**What the task requires:**
Please reproduce verbatim the lines below, from the first through the one with "1912 Bourland Avenue, Waterloo, IA".

**Extracted material:**
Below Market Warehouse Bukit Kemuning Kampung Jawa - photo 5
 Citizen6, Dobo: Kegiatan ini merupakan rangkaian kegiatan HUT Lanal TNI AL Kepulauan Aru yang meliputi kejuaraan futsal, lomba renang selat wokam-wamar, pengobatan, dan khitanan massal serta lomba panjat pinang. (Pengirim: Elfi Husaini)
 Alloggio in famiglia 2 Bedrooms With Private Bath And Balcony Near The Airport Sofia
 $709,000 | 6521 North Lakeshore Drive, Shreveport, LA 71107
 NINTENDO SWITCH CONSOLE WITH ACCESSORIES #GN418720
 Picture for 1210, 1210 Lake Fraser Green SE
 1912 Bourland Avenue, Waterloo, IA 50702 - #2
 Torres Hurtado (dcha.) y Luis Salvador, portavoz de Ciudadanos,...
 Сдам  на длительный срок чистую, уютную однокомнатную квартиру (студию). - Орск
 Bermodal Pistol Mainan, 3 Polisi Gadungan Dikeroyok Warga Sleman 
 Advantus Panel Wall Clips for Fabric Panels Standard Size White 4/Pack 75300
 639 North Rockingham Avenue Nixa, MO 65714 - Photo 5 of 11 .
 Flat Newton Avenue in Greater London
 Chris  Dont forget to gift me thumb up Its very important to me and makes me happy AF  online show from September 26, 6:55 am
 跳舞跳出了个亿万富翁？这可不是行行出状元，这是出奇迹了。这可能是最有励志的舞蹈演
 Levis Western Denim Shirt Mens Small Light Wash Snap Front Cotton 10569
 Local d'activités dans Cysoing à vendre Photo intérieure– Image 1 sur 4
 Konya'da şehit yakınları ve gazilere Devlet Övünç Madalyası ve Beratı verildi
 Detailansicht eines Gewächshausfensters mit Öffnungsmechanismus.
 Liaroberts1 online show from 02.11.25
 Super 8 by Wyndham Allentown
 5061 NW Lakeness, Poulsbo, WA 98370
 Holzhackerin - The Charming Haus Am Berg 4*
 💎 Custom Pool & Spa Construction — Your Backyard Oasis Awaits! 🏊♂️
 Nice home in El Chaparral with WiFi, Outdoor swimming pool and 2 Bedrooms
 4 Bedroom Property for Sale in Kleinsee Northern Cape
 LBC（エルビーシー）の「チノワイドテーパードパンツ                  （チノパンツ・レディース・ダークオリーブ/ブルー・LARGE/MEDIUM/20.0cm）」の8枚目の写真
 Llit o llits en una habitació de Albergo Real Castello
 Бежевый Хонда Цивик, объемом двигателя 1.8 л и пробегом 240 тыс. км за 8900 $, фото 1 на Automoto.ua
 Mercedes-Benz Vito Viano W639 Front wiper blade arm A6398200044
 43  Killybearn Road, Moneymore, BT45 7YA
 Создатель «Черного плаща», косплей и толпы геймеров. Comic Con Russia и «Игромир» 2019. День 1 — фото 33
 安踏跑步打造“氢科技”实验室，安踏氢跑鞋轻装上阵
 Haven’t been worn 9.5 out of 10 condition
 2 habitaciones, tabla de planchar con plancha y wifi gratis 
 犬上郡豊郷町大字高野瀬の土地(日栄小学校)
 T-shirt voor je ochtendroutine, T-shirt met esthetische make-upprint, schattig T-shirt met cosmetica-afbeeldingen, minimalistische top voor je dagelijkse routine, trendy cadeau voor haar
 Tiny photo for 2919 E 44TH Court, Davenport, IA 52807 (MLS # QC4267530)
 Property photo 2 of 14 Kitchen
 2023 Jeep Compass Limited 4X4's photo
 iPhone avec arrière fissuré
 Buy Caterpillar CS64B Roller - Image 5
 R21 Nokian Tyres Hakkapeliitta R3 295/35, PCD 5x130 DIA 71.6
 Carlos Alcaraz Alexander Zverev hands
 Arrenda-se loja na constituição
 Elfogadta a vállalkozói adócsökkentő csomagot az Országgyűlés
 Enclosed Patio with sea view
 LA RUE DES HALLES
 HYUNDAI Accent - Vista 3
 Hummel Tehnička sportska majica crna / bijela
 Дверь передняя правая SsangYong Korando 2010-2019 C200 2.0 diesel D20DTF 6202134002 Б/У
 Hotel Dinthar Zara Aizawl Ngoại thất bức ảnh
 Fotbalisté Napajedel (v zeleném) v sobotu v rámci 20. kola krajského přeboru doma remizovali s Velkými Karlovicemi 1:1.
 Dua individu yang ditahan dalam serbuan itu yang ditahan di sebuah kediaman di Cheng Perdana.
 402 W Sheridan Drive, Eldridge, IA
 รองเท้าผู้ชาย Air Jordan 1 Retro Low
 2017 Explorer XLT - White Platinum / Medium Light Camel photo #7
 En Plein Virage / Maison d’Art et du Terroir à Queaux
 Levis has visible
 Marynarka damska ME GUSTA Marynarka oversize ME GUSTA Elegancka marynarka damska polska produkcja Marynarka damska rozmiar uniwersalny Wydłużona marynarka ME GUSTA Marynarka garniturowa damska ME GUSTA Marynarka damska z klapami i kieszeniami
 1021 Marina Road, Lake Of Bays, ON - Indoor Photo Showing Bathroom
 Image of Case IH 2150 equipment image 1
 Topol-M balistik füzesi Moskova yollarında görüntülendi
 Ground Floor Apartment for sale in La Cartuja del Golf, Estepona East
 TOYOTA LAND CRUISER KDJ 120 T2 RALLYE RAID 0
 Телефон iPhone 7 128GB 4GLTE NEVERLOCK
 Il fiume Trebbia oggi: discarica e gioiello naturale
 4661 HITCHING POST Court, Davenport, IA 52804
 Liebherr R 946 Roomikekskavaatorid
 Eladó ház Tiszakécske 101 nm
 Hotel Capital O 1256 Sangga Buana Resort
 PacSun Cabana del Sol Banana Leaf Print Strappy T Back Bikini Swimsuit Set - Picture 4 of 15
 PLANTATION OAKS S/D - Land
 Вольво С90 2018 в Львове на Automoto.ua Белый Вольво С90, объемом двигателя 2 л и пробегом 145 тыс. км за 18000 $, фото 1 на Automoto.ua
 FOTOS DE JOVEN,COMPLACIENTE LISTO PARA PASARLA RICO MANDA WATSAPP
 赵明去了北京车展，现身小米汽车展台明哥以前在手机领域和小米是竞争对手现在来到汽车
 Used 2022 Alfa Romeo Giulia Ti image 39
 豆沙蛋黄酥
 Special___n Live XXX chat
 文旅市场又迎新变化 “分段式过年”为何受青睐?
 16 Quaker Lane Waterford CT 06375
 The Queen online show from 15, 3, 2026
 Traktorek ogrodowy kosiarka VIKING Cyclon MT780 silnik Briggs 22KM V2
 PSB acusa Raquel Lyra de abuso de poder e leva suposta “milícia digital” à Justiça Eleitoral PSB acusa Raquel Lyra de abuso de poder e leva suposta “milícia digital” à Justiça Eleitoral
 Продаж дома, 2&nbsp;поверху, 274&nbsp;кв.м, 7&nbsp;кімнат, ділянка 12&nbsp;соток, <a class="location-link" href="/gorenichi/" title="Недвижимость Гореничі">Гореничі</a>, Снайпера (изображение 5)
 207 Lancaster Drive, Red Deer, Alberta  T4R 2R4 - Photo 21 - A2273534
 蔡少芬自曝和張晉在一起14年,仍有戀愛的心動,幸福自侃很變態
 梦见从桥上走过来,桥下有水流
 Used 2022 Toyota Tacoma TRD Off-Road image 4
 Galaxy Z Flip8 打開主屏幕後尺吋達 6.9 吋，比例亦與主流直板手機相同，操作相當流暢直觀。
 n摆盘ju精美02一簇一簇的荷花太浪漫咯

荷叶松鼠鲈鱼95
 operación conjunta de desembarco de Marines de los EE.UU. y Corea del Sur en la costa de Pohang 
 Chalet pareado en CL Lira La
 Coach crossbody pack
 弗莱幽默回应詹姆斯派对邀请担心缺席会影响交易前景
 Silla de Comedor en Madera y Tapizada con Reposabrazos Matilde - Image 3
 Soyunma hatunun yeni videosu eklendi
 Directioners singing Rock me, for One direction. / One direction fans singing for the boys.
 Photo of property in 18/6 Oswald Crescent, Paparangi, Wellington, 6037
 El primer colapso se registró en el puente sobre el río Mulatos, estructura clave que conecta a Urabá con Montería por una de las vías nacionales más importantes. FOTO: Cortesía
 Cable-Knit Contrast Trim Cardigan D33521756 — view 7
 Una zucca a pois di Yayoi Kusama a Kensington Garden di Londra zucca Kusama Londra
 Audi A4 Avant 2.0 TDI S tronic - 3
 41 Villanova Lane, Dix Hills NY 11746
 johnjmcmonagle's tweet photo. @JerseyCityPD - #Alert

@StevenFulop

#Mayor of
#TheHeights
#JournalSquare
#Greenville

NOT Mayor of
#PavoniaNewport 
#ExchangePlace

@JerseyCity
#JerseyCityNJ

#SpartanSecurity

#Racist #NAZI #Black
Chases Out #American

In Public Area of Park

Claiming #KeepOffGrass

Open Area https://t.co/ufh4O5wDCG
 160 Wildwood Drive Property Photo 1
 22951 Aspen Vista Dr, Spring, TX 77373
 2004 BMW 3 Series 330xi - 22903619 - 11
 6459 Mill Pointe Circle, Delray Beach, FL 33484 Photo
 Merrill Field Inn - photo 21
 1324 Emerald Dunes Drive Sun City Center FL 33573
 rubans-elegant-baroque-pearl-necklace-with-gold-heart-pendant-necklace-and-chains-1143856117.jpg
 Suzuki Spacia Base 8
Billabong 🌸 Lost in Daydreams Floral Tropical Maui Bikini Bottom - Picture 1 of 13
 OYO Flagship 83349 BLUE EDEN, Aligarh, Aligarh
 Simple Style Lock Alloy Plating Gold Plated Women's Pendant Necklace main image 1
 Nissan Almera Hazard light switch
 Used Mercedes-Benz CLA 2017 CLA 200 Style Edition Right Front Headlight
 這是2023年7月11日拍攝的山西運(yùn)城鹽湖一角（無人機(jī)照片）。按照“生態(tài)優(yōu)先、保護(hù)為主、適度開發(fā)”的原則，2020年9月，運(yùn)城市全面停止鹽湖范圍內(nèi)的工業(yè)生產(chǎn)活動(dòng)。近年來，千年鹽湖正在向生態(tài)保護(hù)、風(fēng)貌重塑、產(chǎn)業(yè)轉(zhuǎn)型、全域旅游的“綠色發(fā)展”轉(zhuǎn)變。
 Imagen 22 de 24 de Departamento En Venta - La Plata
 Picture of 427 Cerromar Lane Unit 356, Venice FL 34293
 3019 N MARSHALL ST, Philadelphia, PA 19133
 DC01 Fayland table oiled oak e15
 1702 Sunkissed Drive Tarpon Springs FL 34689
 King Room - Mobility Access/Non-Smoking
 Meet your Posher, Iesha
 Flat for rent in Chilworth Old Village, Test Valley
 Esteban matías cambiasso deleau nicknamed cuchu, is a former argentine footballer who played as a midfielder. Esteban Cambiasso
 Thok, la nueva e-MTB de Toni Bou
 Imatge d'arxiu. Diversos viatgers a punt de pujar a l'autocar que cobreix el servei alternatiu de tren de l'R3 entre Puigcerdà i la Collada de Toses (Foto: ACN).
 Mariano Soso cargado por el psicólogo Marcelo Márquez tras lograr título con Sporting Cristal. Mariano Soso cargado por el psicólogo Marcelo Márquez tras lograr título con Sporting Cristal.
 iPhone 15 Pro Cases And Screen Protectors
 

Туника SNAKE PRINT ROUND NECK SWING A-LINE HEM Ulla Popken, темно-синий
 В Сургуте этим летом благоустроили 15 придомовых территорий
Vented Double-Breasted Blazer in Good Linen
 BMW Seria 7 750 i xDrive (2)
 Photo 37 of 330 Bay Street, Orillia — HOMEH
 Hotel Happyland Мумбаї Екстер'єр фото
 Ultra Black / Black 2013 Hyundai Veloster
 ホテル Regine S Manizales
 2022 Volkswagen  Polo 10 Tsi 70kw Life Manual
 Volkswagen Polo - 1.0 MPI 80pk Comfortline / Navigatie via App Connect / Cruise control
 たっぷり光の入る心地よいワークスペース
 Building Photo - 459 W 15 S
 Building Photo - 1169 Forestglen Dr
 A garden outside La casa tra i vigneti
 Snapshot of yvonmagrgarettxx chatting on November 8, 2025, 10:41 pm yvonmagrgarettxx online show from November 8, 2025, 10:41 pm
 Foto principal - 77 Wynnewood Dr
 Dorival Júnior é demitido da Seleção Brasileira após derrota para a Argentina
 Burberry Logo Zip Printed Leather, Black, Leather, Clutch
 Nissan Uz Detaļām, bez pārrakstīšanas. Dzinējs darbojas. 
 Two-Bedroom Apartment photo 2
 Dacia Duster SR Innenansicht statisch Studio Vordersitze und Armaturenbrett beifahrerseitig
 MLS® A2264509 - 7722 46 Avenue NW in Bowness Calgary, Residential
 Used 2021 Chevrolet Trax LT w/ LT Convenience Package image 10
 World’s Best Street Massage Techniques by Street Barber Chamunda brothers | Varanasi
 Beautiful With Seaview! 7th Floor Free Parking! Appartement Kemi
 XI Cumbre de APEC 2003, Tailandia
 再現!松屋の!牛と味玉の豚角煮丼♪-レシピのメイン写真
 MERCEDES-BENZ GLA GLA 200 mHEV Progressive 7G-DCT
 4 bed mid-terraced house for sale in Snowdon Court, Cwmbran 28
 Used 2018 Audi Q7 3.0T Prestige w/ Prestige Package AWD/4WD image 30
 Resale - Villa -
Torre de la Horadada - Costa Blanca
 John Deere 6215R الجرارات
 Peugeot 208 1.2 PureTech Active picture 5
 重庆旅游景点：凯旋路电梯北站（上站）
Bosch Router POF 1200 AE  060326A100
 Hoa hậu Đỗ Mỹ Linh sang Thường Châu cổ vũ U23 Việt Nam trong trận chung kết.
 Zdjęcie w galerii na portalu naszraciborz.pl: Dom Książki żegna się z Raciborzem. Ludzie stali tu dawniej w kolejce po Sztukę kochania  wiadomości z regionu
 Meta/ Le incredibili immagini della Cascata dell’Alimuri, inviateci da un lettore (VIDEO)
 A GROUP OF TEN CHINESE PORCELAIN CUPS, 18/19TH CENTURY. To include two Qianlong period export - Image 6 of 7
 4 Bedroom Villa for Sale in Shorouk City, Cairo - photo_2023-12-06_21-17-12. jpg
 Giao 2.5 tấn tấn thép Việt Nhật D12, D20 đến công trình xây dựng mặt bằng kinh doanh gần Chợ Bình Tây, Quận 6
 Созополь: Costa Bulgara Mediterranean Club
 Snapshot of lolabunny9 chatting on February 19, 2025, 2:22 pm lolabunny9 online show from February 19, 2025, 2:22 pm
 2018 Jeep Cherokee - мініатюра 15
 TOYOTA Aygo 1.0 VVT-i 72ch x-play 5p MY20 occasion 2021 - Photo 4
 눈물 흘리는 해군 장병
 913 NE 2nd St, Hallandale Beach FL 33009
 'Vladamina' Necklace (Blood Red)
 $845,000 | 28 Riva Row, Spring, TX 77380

**Answer section:**
Below Market Warehouse Bukit Kemuning Kampung Jawa - photo 5
 Citizen6, Dobo: Kegiatan ini merupakan rangkaian kegiatan HUT Lanal TNI AL Kepulauan Aru yang meliputi kejuaraan futsal, lomba renang selat wokam-wamar, pengobatan, dan khitanan massal serta lomba panjat pinang. (Pengirim: Elfi Husaini)
 Alloggio in famiglia 2 Bedrooms With Private Bath And Balcony Near The Airport Sofia
 $709,000 | 6521 North Lakeshore Drive, Shreveport, LA 71107
 NINTENDO SWITCH CONSOLE WITH ACCESSORIES #GN418720
 Picture for 1210, 1210 Lake Fraser Green SE
 1912 Bourland Avenue, Waterloo, IA 50702 - #2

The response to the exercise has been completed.